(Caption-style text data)
____________

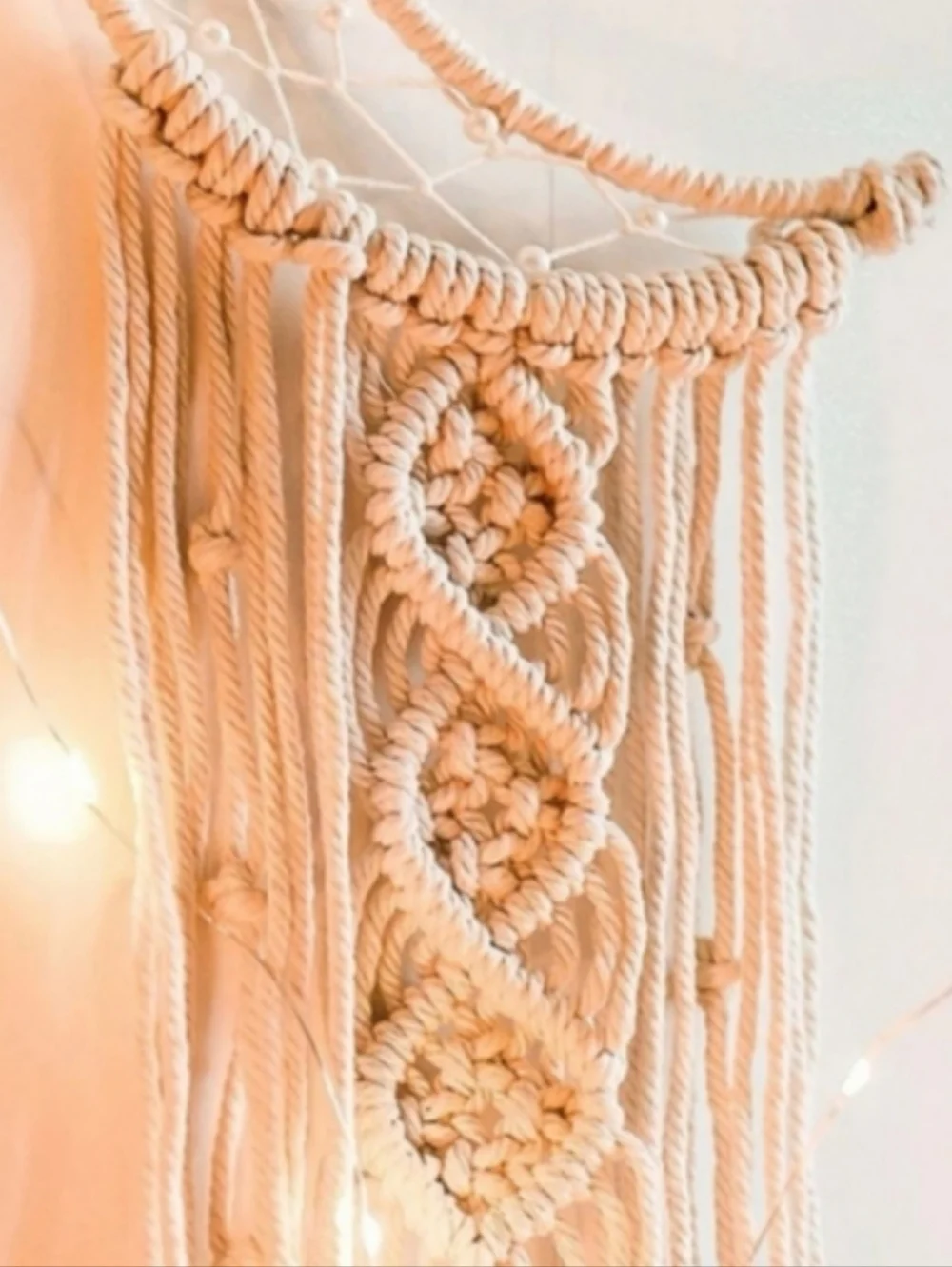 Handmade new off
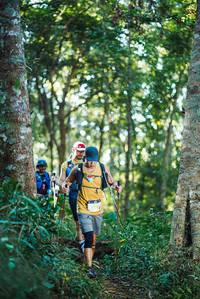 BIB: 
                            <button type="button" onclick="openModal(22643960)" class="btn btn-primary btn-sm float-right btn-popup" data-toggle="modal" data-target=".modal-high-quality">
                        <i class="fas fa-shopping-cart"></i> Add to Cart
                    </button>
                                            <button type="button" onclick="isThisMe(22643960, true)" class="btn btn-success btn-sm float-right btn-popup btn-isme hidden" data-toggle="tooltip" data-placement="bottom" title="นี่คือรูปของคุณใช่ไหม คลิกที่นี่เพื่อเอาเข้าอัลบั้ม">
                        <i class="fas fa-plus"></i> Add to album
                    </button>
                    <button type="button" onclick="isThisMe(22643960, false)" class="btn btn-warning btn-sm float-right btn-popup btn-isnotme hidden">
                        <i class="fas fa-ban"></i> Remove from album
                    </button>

____________

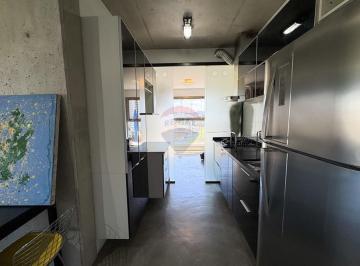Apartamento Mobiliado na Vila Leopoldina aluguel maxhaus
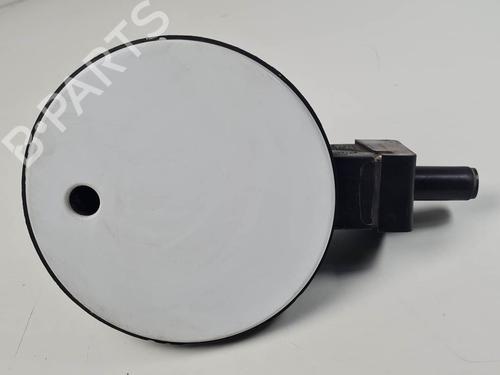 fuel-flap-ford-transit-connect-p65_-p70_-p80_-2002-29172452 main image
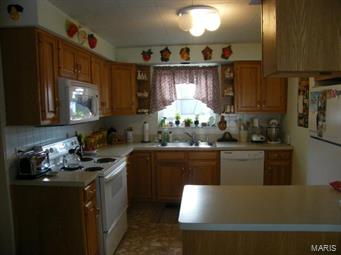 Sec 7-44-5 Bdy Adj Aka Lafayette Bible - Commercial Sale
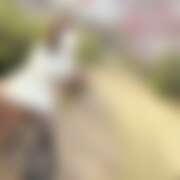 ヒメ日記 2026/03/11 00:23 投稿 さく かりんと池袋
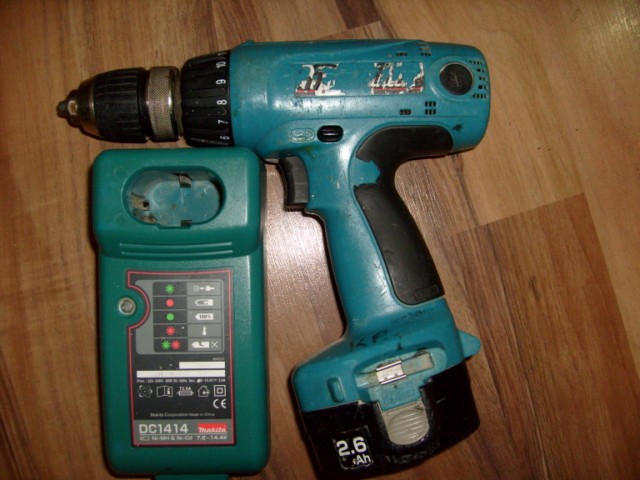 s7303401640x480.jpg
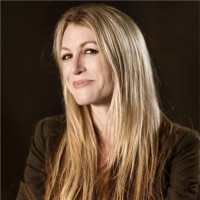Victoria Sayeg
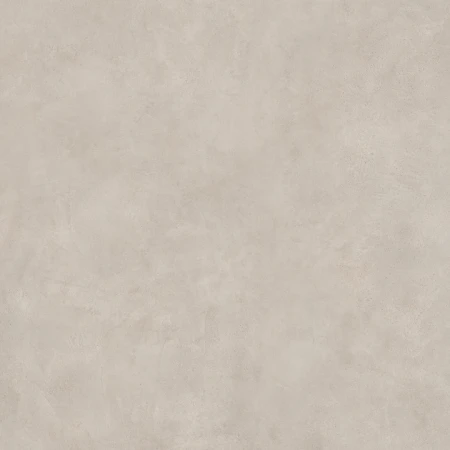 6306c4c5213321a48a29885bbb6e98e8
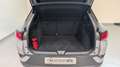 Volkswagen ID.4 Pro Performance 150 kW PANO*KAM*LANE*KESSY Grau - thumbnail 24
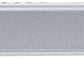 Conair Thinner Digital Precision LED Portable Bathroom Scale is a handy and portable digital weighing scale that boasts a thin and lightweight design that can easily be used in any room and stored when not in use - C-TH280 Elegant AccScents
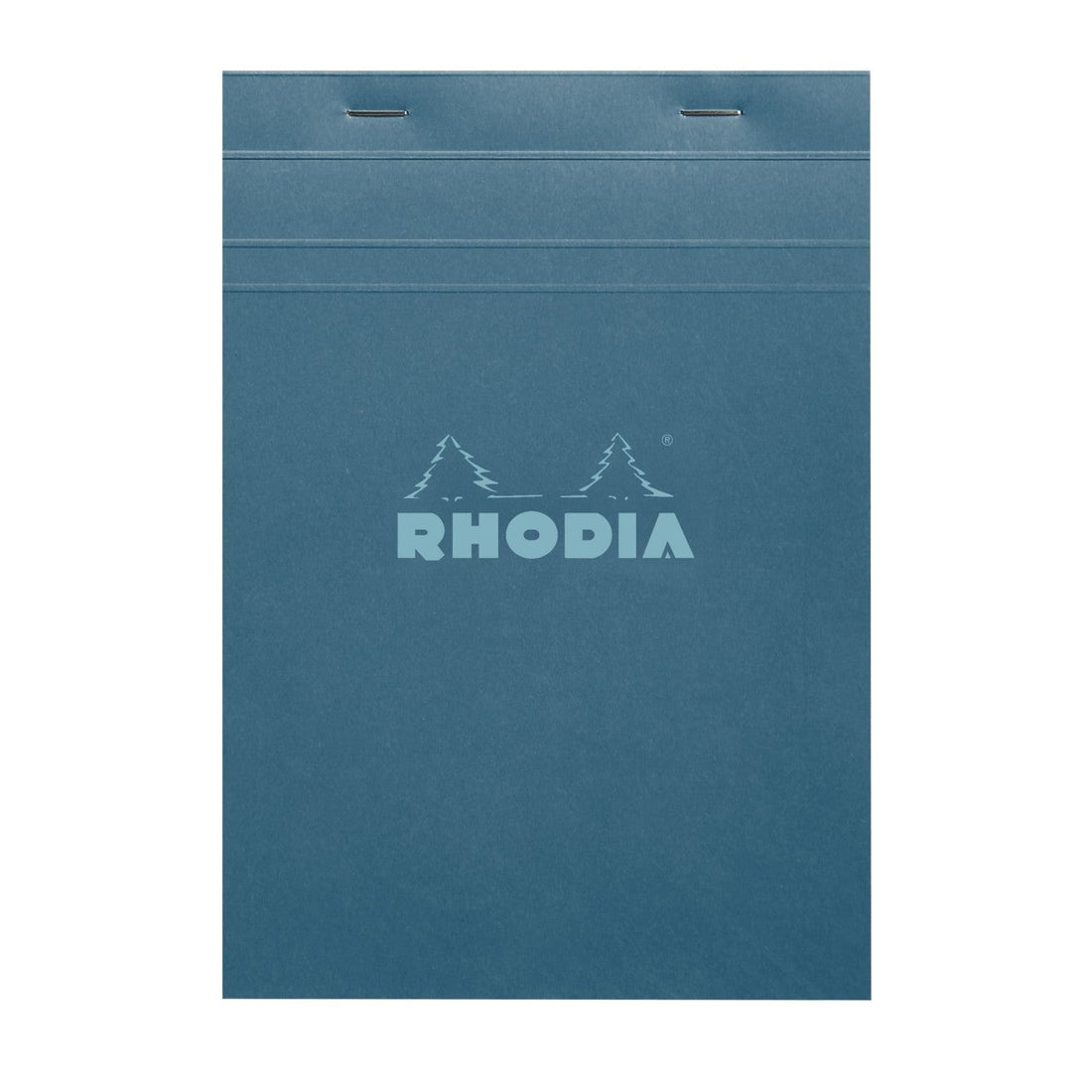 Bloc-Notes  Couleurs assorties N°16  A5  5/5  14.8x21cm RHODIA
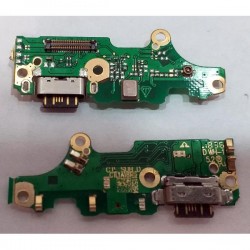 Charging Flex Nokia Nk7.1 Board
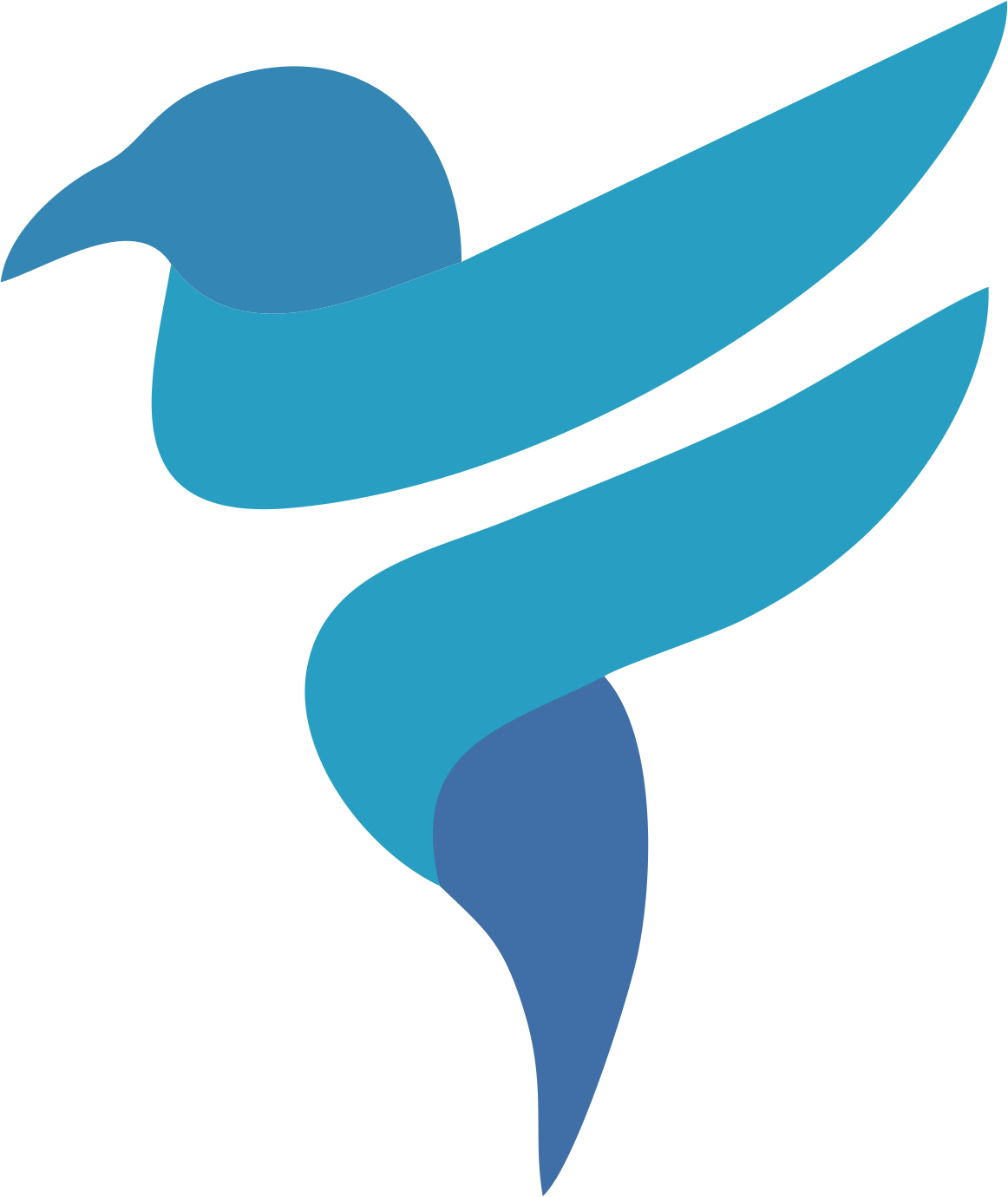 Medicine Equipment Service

____________

Problem requirements: Copy every line of the data where "album" is found.

Result of the exercise:
                        <i class="fas fa-plus"></i> Add to album
                        <i class="fas fa-ban"></i> Remove from album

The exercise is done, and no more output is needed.